6. Evaluating the model (accuracy)

## **Importing libraries**

In [1]:
import pandas as pd
import numpy as np
import seaborn as sns
import matplotlib.pyplot as plt
from scipy import stats
from scipy.stats import zscore,norm
from sklearn.model_selection import StratifiedShuffleSplit
from sklearn.model_selection import train_test_split
from IPython.display import display
from sklearn import metrics
from sklearn.model_selection import cross_val_score
from sklearn.ensemble import RandomForestRegressor
from sklearn.linear_model import LinearRegression
from sklearn.metrics import r2_score
from sklearn.model_selection import KFold
import random
import scipy.stats
import pickle
import warnings
warnings.filterwarnings('ignore')

## **Accessing the data** ##

We have two main datasets, **Ancients** and **Moderns**.

 Ancient genomes from Europe and Asia are found in Ancients, while Euroasian genomes with a DataBP of 10 are found in Moderns.

**Note:** 
Dataset files should be available on data folder (Euroasian.xlsx, Euroasian_modern_samples.csv, 20130606_sample_info.xlsx, Test Cases.xlsxm Reich dataset V50.xlsx) 

In [3]:
baseDir='data'
#ancient samples
dataset =  pd.ExcelFile(f"{baseDir}/Euroasian - Dataset_tims.xlsx")
Euroasian = pd.read_excel(dataset, 'Euroasian')
Ancients = Euroasian[[ 'AncientComponent1', 'AncientComponent2','AncientComponent3', 'AncientComponent4', 'AncientComponent5', 'ModernComponent1',
                'ModernComponent2', 'ModernComponent3', 'Date mean in BP in years before 1950 CE [OxCal mu for a direct radiocarbon date, and average of range for a contextual date]'
                ,'Method for Determining Date; unless otherwise specified, calibrations use 95.4% intervals from OxCal v4.4.2 Bronk Ramsey (2009); r:5; Atmospheric data from Reimer et al (2020)'
                , 'Sample ID', 'Country'
                ,'Date standard deviation in BP [OxCal sigma for a direct radiocarbon date, and standard deviation of the uniform disribution between the two bounds for a contextual date]'              
]]

Ancients.rename(columns={
    'Method for Determining Date; unless otherwise specified, calibrations use 95.4% intervals from OxCal v4.4.2 Bronk Ramsey (2009); r:5; Atmospheric data from Reimer et al (2020)':'Dating',
    'Date standard deviation in BP [OxCal sigma for a direct radiocarbon date, and standard deviation of the uniform disribution between the two bounds for a contextual date]':'STD',
    'Date mean in BP in years before 1950 CE [OxCal mu for a direct radiocarbon date, and average of range for a contextual date]':'Mean date (BP)'
},inplace=True)

# modern samples (DateBP = 10)
modern = pd.read_csv(f"{baseDir}/Euroasian_modern_samples.csv")
modern = modern[[ 'AncientComponent1', 'AncientComponent2','AncientComponent3','AncientComponent4', 'AncientComponent5', 'ModernComponent1',
                                'ModernComponent2','ModernComponent3', 'DateBP', 'Sample ID']] 
modern.rename(columns = {'DateBP':'Mean date (BP)'}, inplace=True) 

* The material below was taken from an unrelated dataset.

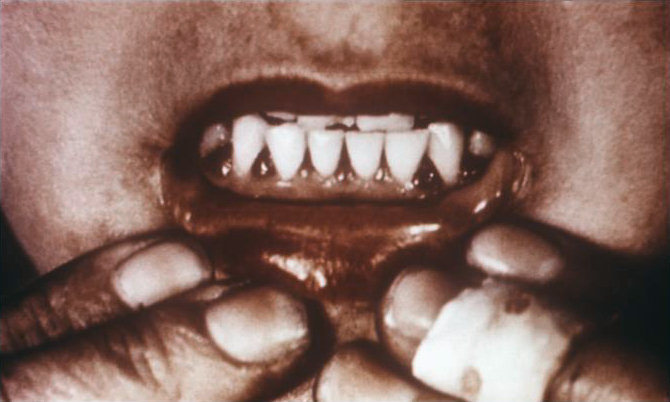 A 1970 image of scorbutic gums, a symptom of scurvy.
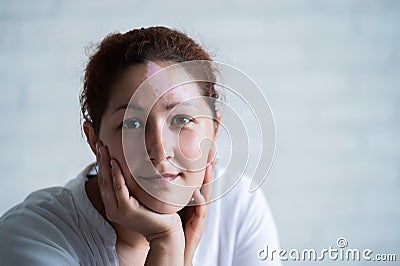 Portrait of a smiling woman with a pigmented spot on her forehead. Girl with Vitiligo Disease. Stock Photo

#modern samples' annotation
modern_annotation = pd.read_excel(f"{baseDir}/20130606_sample_info.xlsx")
modern_annotation.rename(columns = {'Sample':'Sample ID'}, inplace=True) 
modern_annotation.rename(columns = {'Population':'Country'}, inplace=True) 
Moderns = pd.merge(modern_annotation, modern, on=["Sample ID"])
Moderns['Dating'] = np.nan
Moderns = Moderns[['AncientComponent1', 'AncientComponent2','AncientComponent3', 'AncientComponent4', 'AncientComponent5', 'ModernComponent1',
                'ModernComponent2', 'ModernComponent3', 'Mean date (BP)', 'Dating', 'Sample ID', 'Country']]

#test_cases
test_cases = pd.ExcelFile(f"{baseDir}/Test Cases.xlsx")
Brandysek_inds = pd.read_excel(test_cases, 'Brandysek inds')
Brandysek_inds = Brandysek_inds.iloc[0:14,:]
Brandysek_inds.rename(columns={'Version ID':'Sample ID'},inplace=True)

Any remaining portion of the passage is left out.